▶ [TASK PROMPT] Where the records below begin, start copying, and stop after the line that contains "The image shows"; reproduce every line exactly but omit pictures.

▶ [ENTRIES PROVIDED]
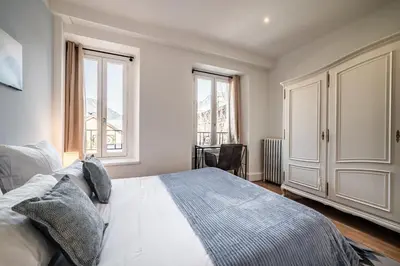 a bedroom with a bed and two windows at Apartment Brina Chamonix - by EMERALD STAY in Chamonix-Mont-Blanc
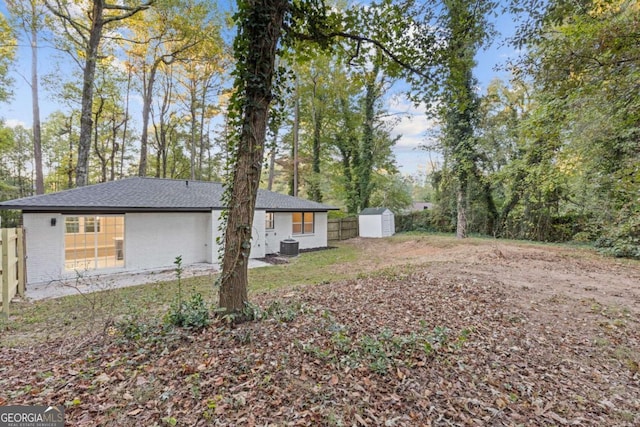 view of yard with central AC and a shed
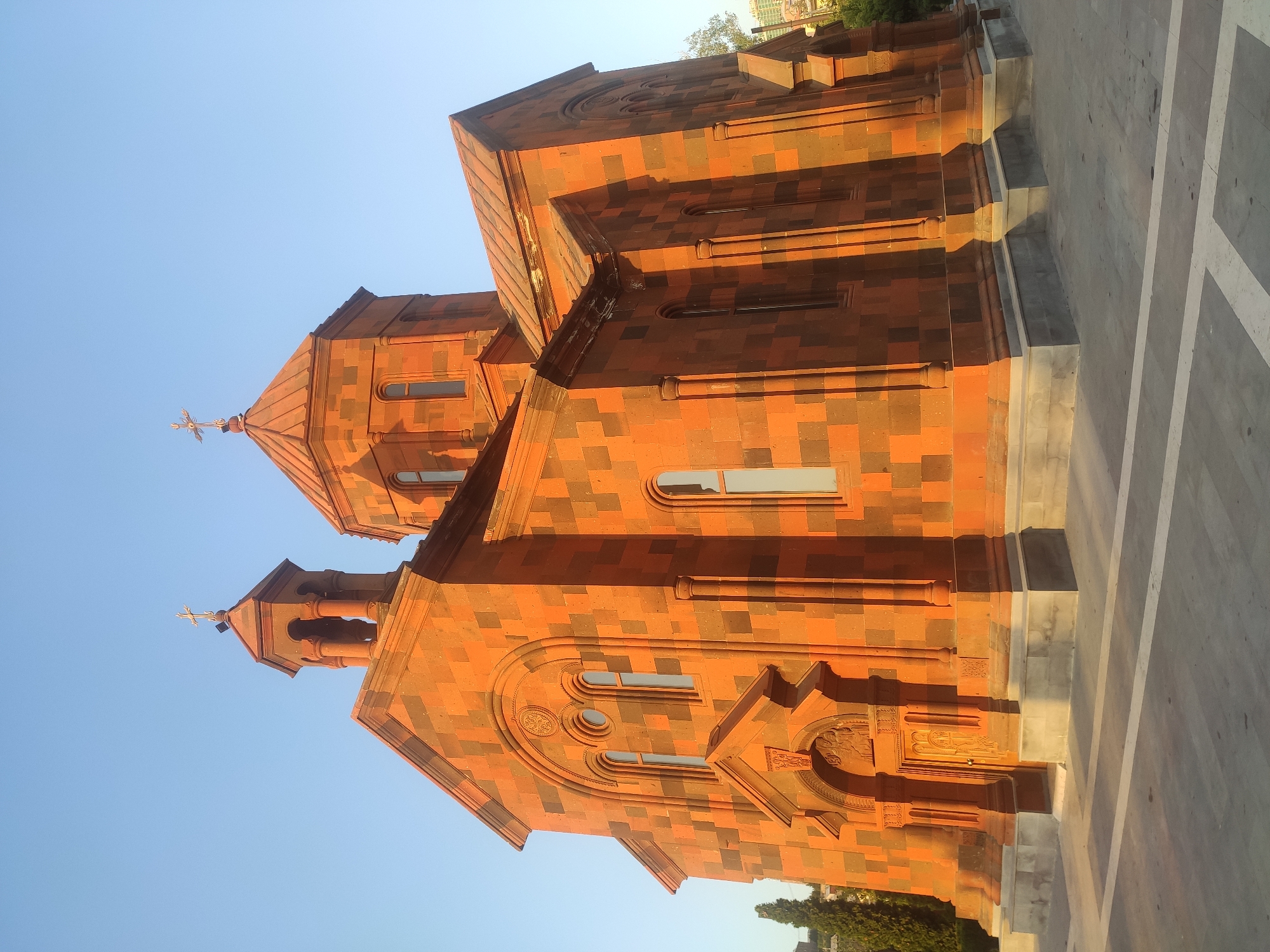 The image shows the Holy Trinity Church, a Catholic church located in the Kanaker-Zeytun administrative district of Yerevan, Armenia. The church is constructed from red and dark volcanic tuff, giving it a distinctive checkered appearance. It features a central dome topped with a cross, and a bell tower on the left side, also adorned with a cross. The church has arched windows and an ornate entrance. The building is illuminated by the warm light of the setting sun, casting long shadows on the paved plaza in front of it. A clear blue sky forms the backdrop. Green trees and a modern building are visible in the background on the right side of the image. There are no people present in the scene.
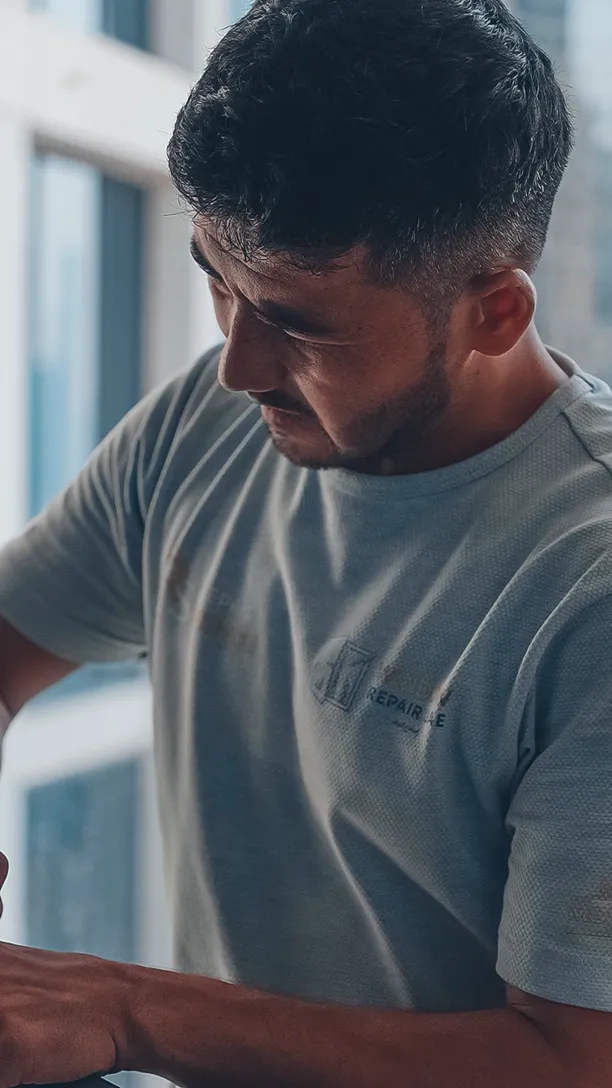 Technician working the frame of floor-to-ceiling glazing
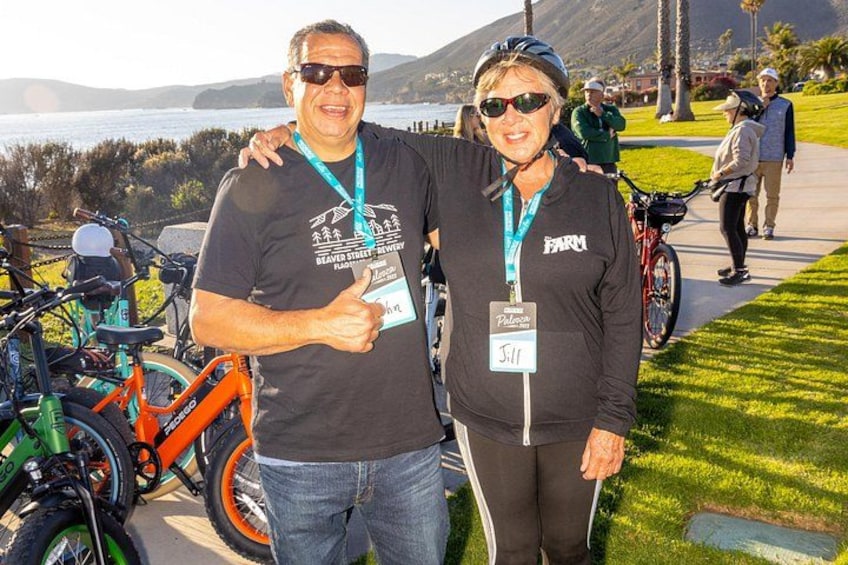 Two people standing by bicycles, with a scenic view of a body of water and hills in the background. 3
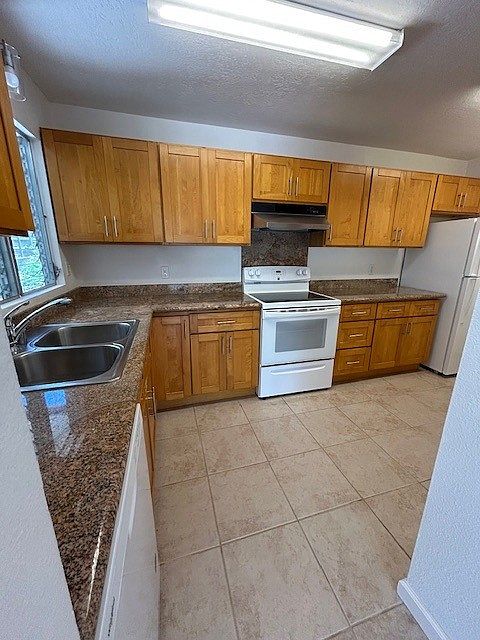 Kitchen with granite countertops and Maple cabinetry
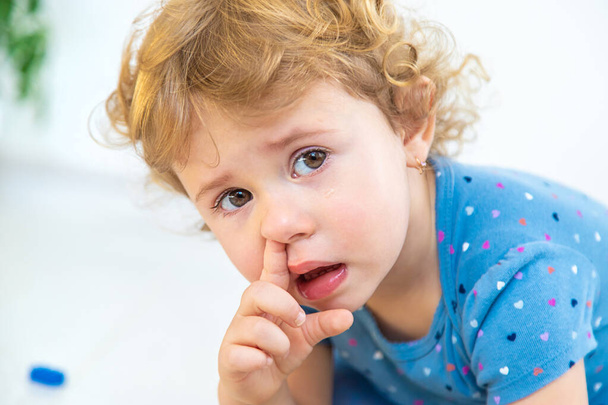 The child sticks his finger in his nose. Selective focus. Kid. - Fotó, kép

▶ [REPLY TO THE EXERCISE]
 a bedroom with a bed and two windows at Apartment Brina Chamonix - by EMERALD STAY in Chamonix-Mont-Blanc
 view of yard with central AC and a shed
 The image shows the Holy Trinity Church, a Catholic church located in the Kanaker-Zeytun administrative district of Yerevan, Armenia. The church is constructed from red and dark volcanic tuff, giving it a distinctive checkered appearance. It features a central dome topped with a cross, and a bell tower on the left side, also adorned with a cross. The church has arched windows and an ornate entrance. The building is illuminated by the warm light of the setting sun, casting long shadows on the paved plaza in front of it. A clear blue sky forms the backdrop. Green trees and a modern building are visible in the background on the right side of the image. There are no people present in the scene.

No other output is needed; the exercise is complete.